Fog computing, which is also known as fog or fog networking, is introduced as an emergent and novel paradigm for extending cloud services. Although cloud computing is presented as a model that provides on-demand and ubiquitous access to a shared pool of computing and storage resources, cloud resources are far from users, and as a result, the cloud cannot support low-latency services alone. The fog can extend these computing and storage resources by incorporating a transitional layer between the IoT devices and the cloud, leading to a three-layer hierarchy: user devices layer, fog layer, and cloud layer. The middle fog layer consists of a set of base stations, routers, and gateways that are geographically distributed and places as near as possible to the IoT devices. It is widely known that fog brings the cloud closer to the ground (IoT devices) [72, 88].
Conclusion and limitation
In conclusion, in this paper, a systematic study was presented with a focus on the current research studies of offloading mechanisms in fog computing, including its architecture, technologies, and application. In this study, by applying our search query, 131 publications were selected at the initial selection. At the final selection, we selected 37 papers with reference to the research questions and classified them based on their contents. According to RQ2, the applied mechanisms in the offloading of fog computing were classified into four groups, with the highest percentage of studies done in computation-based mechanisms with 38%, hybrid mechanisms with 35%, energy-based mechanisms with 16%, and storage-based mechanisms with 11% of all types of applied mechanisms. They were compared and analyzed according to their significance and crucial evaluation metrics. The key differences, advantages, disadvantages, and important factors of each of the selected works were addressed in the concept of offloading in fog.

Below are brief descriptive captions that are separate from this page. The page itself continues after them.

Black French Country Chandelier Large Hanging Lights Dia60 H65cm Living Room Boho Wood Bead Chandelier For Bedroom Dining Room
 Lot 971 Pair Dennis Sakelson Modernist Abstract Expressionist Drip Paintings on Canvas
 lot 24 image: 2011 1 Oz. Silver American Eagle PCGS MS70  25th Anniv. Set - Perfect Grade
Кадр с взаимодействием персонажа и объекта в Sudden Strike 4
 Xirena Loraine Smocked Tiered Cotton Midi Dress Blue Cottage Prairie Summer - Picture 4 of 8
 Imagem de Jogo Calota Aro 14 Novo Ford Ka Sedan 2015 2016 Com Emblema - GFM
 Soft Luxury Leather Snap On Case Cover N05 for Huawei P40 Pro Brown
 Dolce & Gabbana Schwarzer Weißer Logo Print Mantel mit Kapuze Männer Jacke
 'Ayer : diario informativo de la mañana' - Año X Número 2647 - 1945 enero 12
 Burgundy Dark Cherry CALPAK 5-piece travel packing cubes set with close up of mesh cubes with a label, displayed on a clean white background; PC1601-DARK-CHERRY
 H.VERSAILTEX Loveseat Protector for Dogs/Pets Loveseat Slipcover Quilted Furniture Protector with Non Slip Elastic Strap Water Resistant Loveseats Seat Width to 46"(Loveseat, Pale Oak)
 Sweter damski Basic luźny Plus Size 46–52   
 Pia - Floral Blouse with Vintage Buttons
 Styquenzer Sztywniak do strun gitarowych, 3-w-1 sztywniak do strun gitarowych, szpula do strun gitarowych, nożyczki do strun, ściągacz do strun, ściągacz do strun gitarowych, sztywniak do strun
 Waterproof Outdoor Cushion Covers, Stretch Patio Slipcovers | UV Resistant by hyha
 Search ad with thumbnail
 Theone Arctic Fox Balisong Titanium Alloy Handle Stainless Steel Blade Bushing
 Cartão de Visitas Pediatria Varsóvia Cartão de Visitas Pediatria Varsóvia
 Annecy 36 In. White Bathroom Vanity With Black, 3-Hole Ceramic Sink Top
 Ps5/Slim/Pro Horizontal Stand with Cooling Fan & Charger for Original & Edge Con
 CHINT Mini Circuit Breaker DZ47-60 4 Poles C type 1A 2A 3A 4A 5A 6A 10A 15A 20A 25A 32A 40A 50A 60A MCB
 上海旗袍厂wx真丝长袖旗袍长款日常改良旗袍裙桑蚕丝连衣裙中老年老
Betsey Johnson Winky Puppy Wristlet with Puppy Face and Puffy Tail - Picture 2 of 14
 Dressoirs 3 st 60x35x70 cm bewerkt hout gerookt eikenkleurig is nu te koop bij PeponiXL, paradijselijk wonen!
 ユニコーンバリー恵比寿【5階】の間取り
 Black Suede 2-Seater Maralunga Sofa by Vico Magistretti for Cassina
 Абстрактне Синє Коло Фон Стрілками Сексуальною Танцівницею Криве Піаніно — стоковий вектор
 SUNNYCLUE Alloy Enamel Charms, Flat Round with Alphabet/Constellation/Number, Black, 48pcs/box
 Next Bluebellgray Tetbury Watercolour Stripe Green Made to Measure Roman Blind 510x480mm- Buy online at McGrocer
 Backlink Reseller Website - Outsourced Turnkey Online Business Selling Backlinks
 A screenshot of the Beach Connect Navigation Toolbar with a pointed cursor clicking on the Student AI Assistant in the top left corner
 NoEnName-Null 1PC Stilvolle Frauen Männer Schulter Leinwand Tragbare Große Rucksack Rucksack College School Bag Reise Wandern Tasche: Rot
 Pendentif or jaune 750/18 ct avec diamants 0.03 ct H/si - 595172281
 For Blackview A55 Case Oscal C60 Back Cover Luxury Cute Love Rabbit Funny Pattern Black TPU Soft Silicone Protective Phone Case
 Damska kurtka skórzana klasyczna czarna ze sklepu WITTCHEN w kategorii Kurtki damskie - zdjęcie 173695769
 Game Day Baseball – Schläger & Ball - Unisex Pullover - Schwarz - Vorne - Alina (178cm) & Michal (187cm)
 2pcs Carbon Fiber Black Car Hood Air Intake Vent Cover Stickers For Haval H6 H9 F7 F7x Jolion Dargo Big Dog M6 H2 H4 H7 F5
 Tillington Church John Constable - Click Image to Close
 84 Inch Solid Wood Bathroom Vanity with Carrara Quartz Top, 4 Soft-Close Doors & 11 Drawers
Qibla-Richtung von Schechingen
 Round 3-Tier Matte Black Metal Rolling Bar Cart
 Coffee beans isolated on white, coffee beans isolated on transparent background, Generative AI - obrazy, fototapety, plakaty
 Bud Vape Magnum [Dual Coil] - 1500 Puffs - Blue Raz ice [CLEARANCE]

Based on RQ3, the most important metrics in various proposed approaches were energy and response time by 24% and cost by 20%. According to RQ4, the simulation method (67% of the papers) was dominant in most categories as a method of evaluation, followed by design (22% of the papers) and real-testbed (8% of the papers). In addition, with respect to the RQ5, the most common algorithms were the non-heuristic ones by 74% and the heuristic ones by 26%. Furthermore, based on RQ6, the existing fog offloading mechanisms have faced several open issues and future trends such as trustworthiness and security, multi-objective mechanisms, big data analytics, new generation mobile networks, network management, and carbon-aware offloading for geo-distributed. Lucidly, the most important challenges are scalability and real-testbed implementation.